A Jewish Art of Listening?

We’ve been wanting to call your attention to a new book on the interface between Judaism and Buddhism—Rodger Kamenetz’s The Jew in the Lotus: A Poet’s Rediscovery of Jewish Identity in Buddhist India (HarperSanFrancisco, 1994). The book documents a trek to the Dalai Lama by Jews who wanted to share with him clues about how a people can maintain religion and culture in exile. Two women we know—Blu Greenberg and Joy Levitt—were among the eleven Jews on the journey. In a recent issue of the journal The Reconstructionist, Levitt, a congregational rabbi, describes a most instructive experience on the trip.

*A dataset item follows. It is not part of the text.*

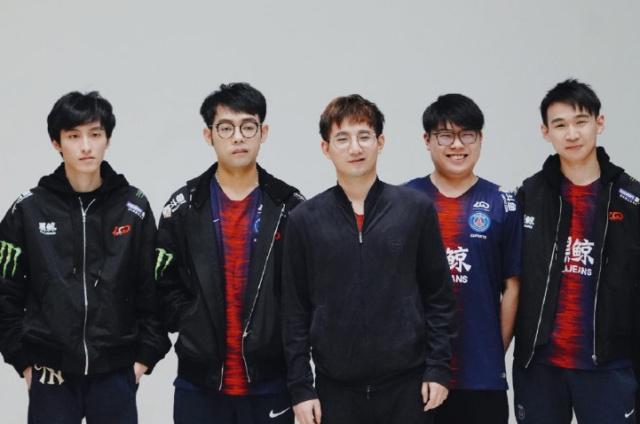 书写属于他 书写属于他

For an hour at a time, the Dalai Lama listened with an intensity that comes from several hours of meditation each day. More than any other single attribute (including his charming sense of humor, his remarkable humility and his simple acts of kindness), it was his manner of listening that overwhelmed me. The Jewish art of dialogue, at least as I have understood it, involves thinking of what you’re going to say when the other person finishes talking, which he rearely gets to do because you usually interrupt him. I had never experienced the kind of deep listening that the Tibetans practice, and I noticed that it changed the way we spoke. I found myself wanting to say exactly what I meant, speaking more carefully because I knew that each word would be heard and appreciated.